Les objectifs de réduction des émissions de CO2 pour les voitures et les ambitions climatiques de l’UE à l’horizon 2030 ne «concordent pas suffisamment», alerte la Cour. «Le principal défi à relever pour atteindre les objectifs de réduction des émissions pour 2030 et au-delà sera de faire en sorte que le particulier se tourne suffisamment vers les véhicules à émission nulle. Il importera tout particulièrement de rendre les véhicules électriques abordables, de mettre en place assez d’infrastructures de recharge et de garantir l’approvisionnement en matières premières nécessaires à la production des batteries», souligne la Cour des comptes.

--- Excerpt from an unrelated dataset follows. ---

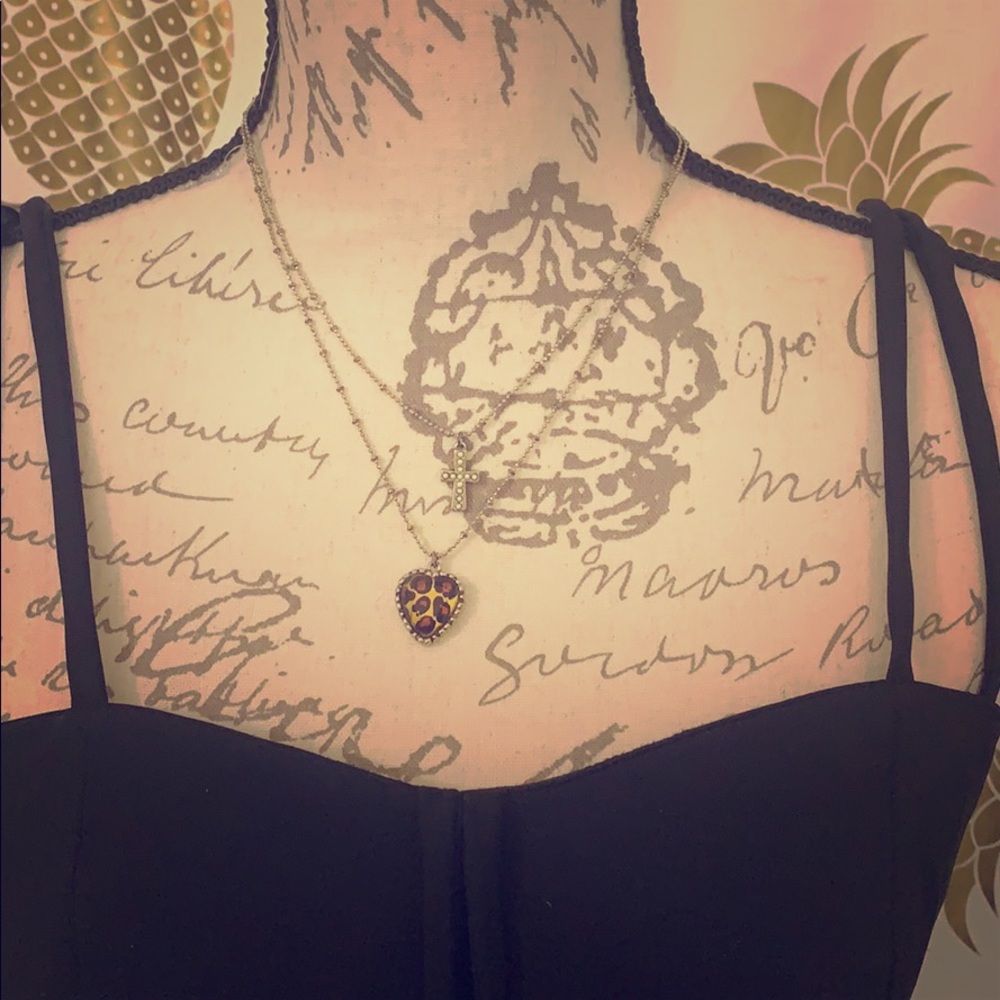 3/$25 Betsey Johnson Cross & Heart layered Necklace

Baisse du coût des matières premières pour les voitures électriques

Sur la question des prix, les constructeurs pourraient en revanche avoir plus de marges de manœuvre dans les années qui viennent. Alors que le coût des matières premières d’une voiture électrique était 3 000 dollars plus importants que pour voiture thermique en 2018, la différence n’est plus que de 1 800 dollars pour une voiture à batterie de 60 kWh en 2023 voire de 1 000 dollars pour une batterie de type LFP, selon les calculs du cabinet AlixPartners publiés en début d’année 2024. Mais pour rendre plus abordable les véhicules, les acteurs de l’automobile devront accepter de rogner sur leurs marges financières, afin de participer à l’accélération de cette transition technologique.

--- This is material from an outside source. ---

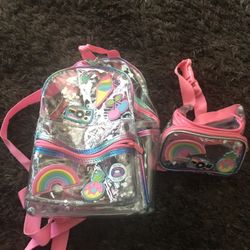 Clear mini backpack and fanny pack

Car il y a urgence. Les émissions du secteur des transports représentaient 23 % des émissions totales de gaz à effet de serre de l’UE en 2021, dont plus de la moitié provenait des voitures particulières, et elles continuent de croître. Pour avancer sur le chemin de la réduction des émissions de CO2, l’Union européenne a alors décidé d’interdire les ventes de voitures thermiques neuves à partir de 2035. «L’UE est la région du monde la plus ambitieuse en matière de réduction des émissions de CO₂ des voitures particulières», conclut la Cour des comptes européenne. Il ne reste plus qu’à faire coïncider les ambitions et les faits.